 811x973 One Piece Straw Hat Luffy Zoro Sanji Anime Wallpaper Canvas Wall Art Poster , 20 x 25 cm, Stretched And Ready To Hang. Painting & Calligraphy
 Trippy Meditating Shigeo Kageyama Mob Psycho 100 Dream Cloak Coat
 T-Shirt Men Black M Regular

* WHAT THE EXERCISE ASKS *
Give back the entire listing above, matching every line exactly.

* ANSWER SECTION *
 811x973 One Piece Straw Hat Luffy Zoro Sanji Anime Wallpaper Canvas Wall Art Poster , 20 x 25 cm, Stretched And Ready To Hang. Painting & Calligraphy
 Trippy Meditating Shigeo Kageyama Mob Psycho 100 Dream Cloak Coat
 T-Shirt Men Black M Regular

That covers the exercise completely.